- [SUPPLIED RECORDS]
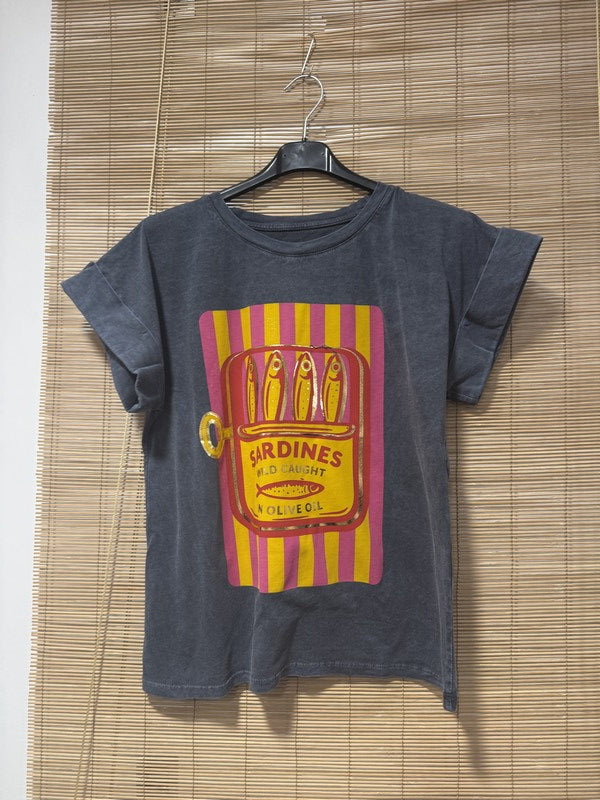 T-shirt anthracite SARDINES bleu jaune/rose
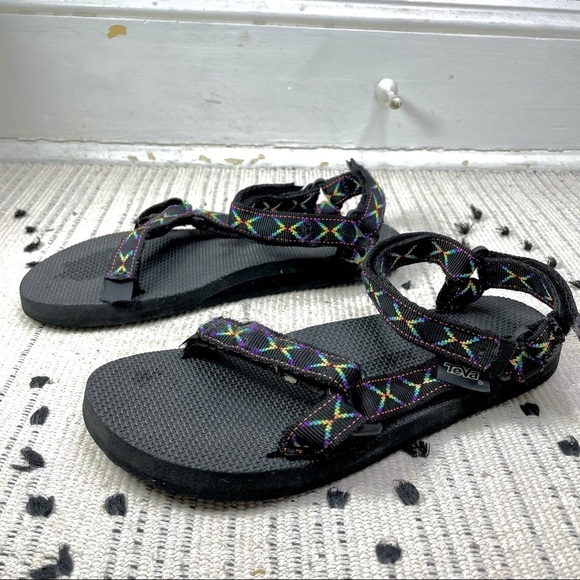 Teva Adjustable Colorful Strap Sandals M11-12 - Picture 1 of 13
...
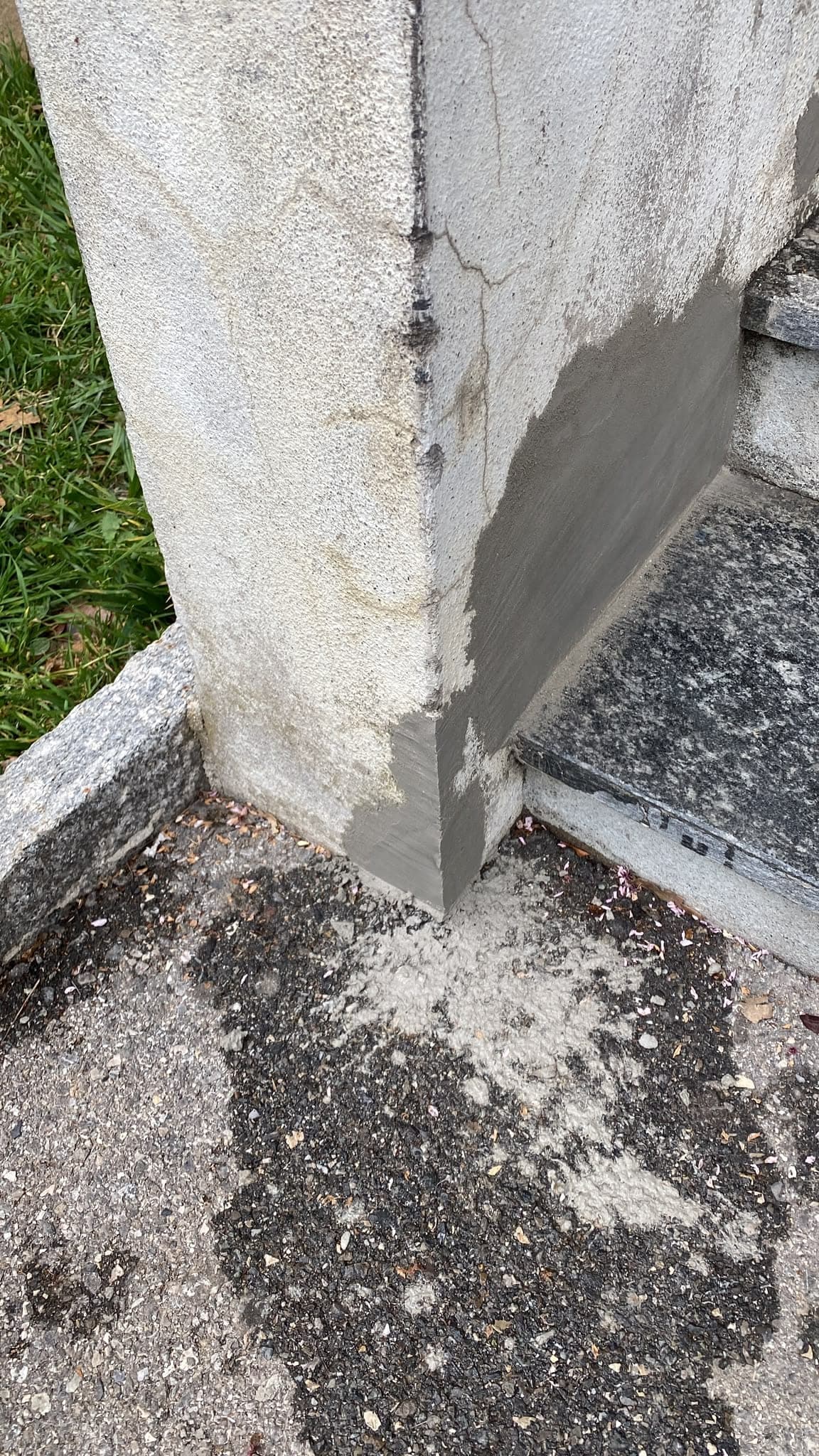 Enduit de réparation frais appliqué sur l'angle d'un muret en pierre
* * *
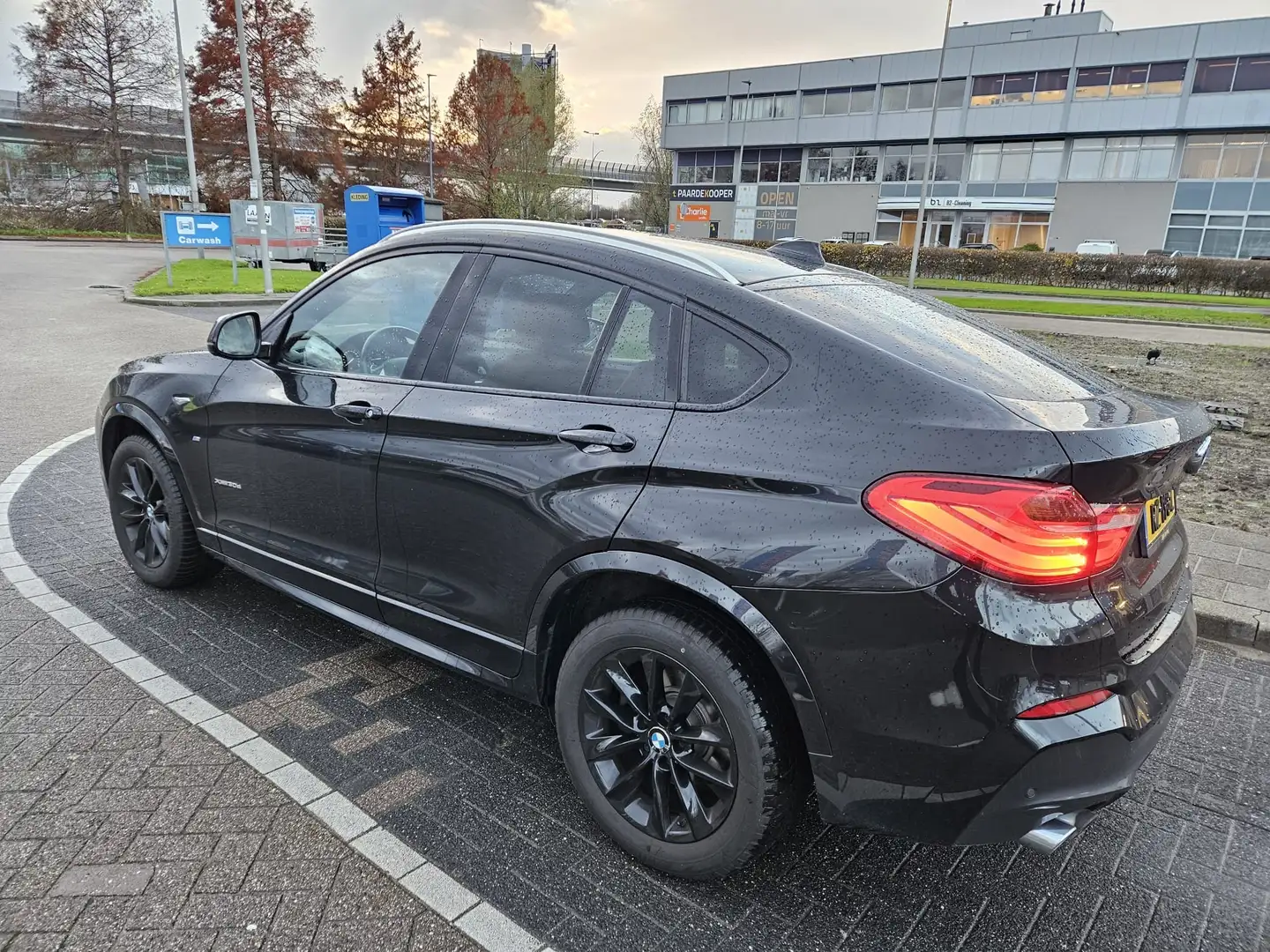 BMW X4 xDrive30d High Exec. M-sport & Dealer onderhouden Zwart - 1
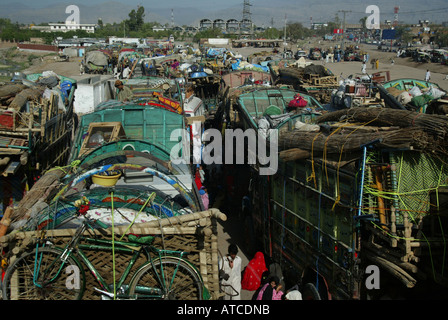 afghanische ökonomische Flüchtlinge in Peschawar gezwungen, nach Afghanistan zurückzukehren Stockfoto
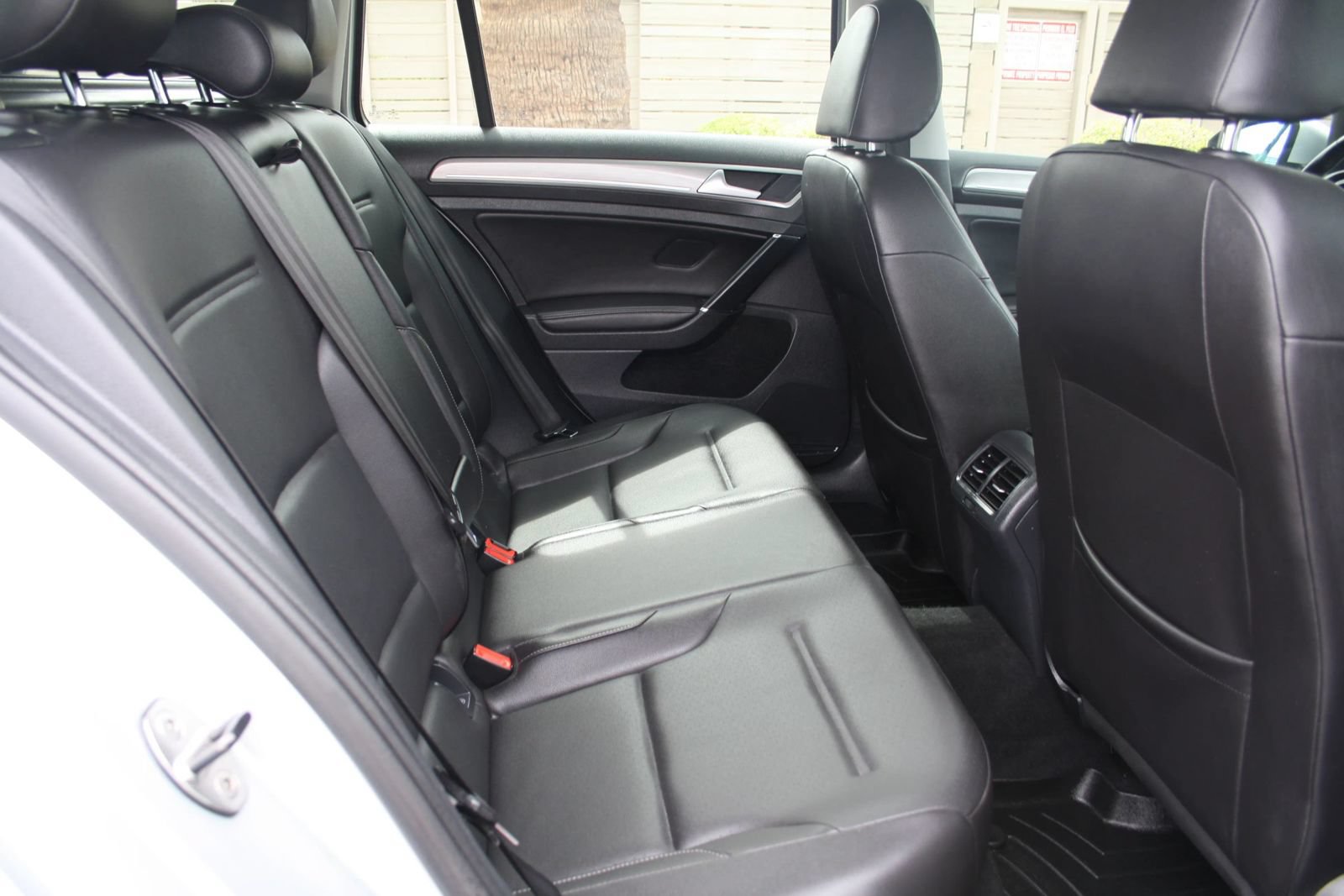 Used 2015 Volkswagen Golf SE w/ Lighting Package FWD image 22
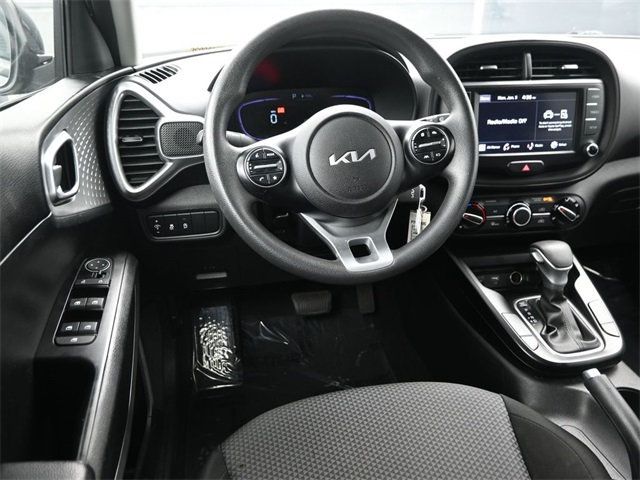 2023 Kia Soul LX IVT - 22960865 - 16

- [TASK ITEM] Go back to the listing above and write out the lines starting at the one with "BMW X4 xDrive30d" and ending at the one with "2023 Kia Soul LX IVT - 22960865 - 16", inclusive, exactly and without pictures.

- [RESPONSE AREA]
 BMW X4 xDrive30d High Exec. M-sport & Dealer onderhouden Zwart - 1
 afghanische ökonomische Flüchtlinge in Peschawar gezwungen, nach Afghanistan zurückzukehren Stockfoto
 Used 2015 Volkswagen Golf SE w/ Lighting Package FWD image 22
 2023 Kia Soul LX IVT - 22960865 - 16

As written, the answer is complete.